Items listed in a dataset:
================================
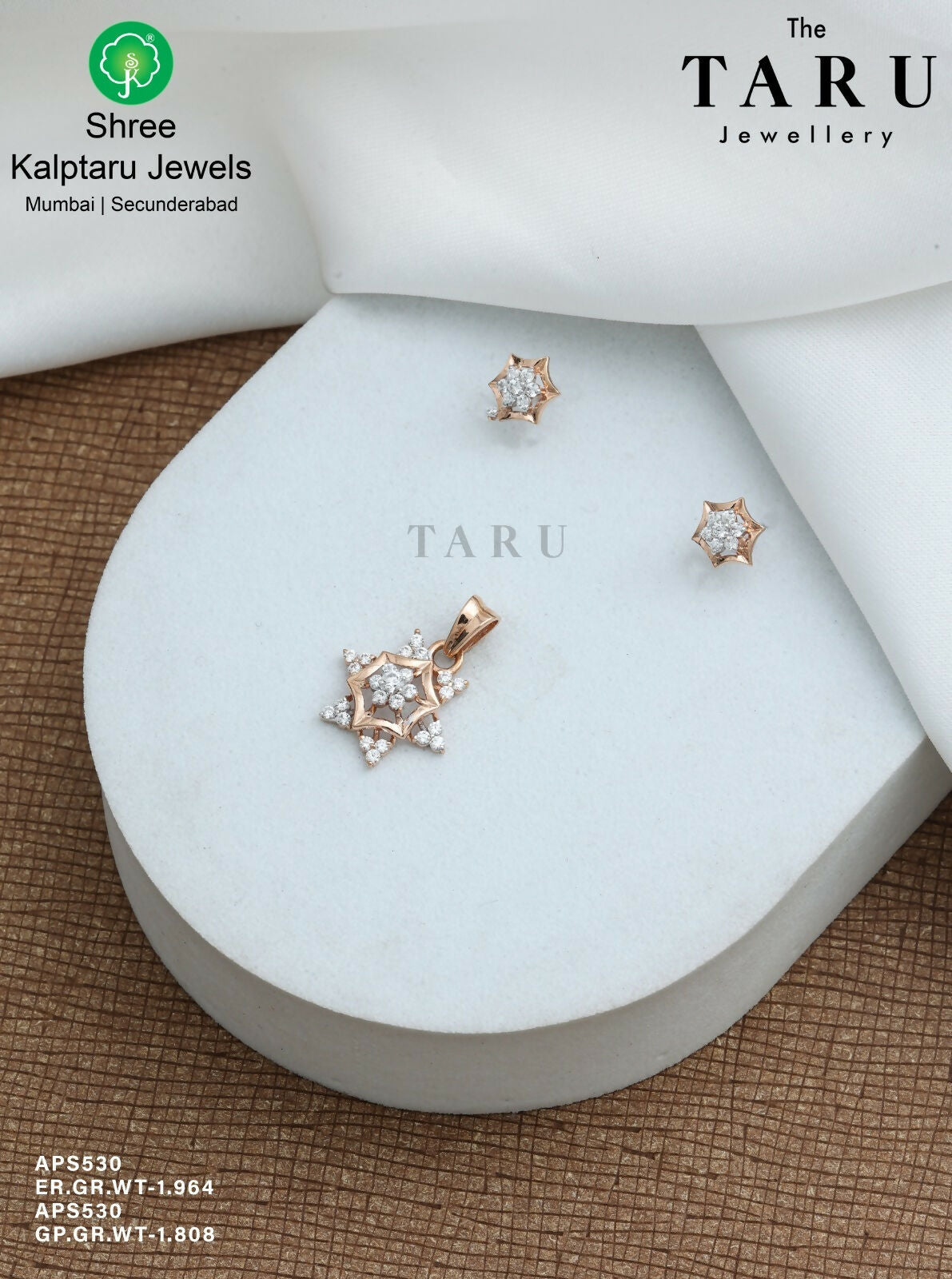 Rose Gold Pendant Set Sarafa Bazar India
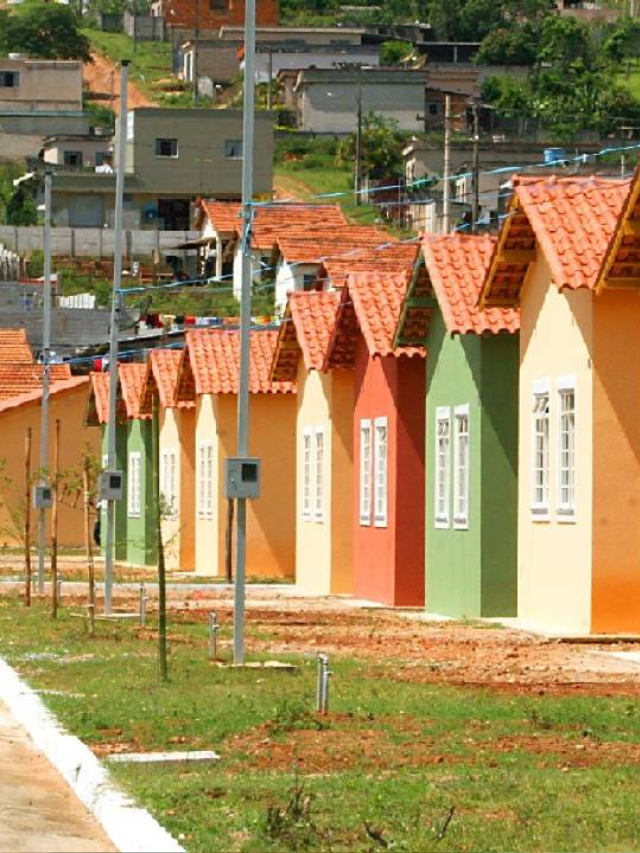 Governo prevê mudanças no Minha Casa, Minha Vida Credtimes Consórcio Empréstimo Seguros Finanças Financiamento investimentos dinheiro Capa Web Stories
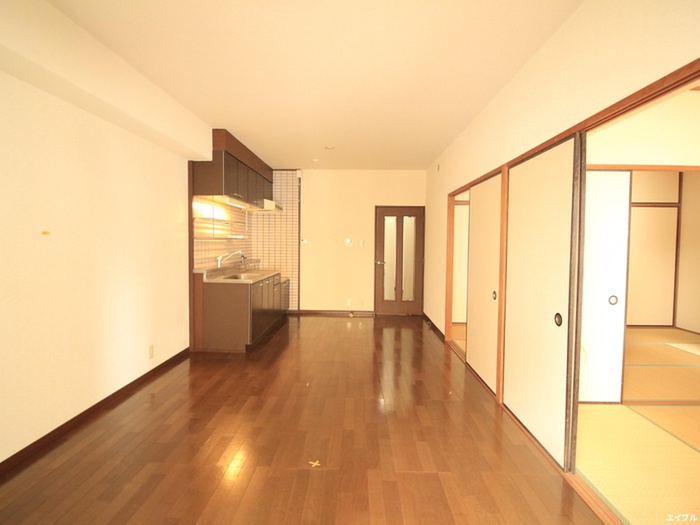居室・リビング　反転タイプの別のお部屋になります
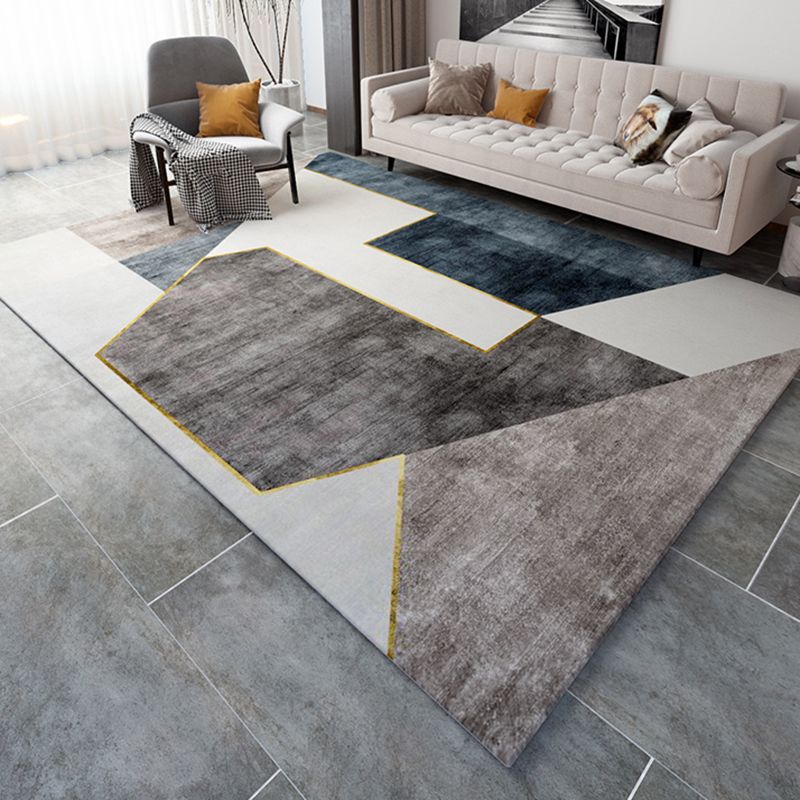 Modern Grey Area Carpet Geometric Pattern Polyester Area Rug Stain Resistant Rug for Living Room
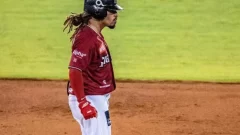 Gigantes mantienen aliento con victoria 5-4 sobre Estrellas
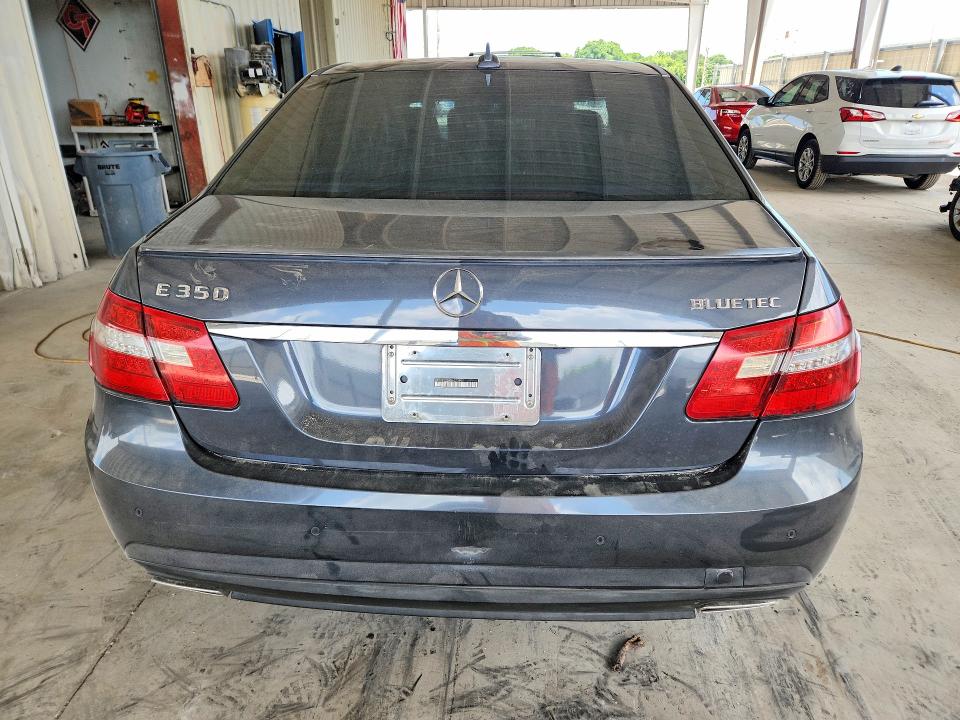2011 Mercedes-benz E-class VIN WDDHF2EBXBA373900 COPART salvage auction — REAR END, FL - CERTIFICATE OF TITLE, sold $1,250 on 2026-08-19 (photo 6)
================================
» **DIRECTIONS FOR THIS TASK**: Find the line containing "Modern Grey Area" in the records above and restate it, and each line after it through the end, word for word, dropping the pictures.

» **RESULT FOR THIS EXERCISE**:
 Modern Grey Area Carpet Geometric Pattern Polyester Area Rug Stain Resistant Rug for Living Room
 Gigantes mantienen aliento con victoria 5-4 sobre Estrellas
2011 Mercedes-benz E-class VIN WDDHF2EBXBA373900 COPART salvage auction — REAR END, FL - CERTIFICATE OF TITLE, sold $1,250 on 2026-08-19 (photo 6)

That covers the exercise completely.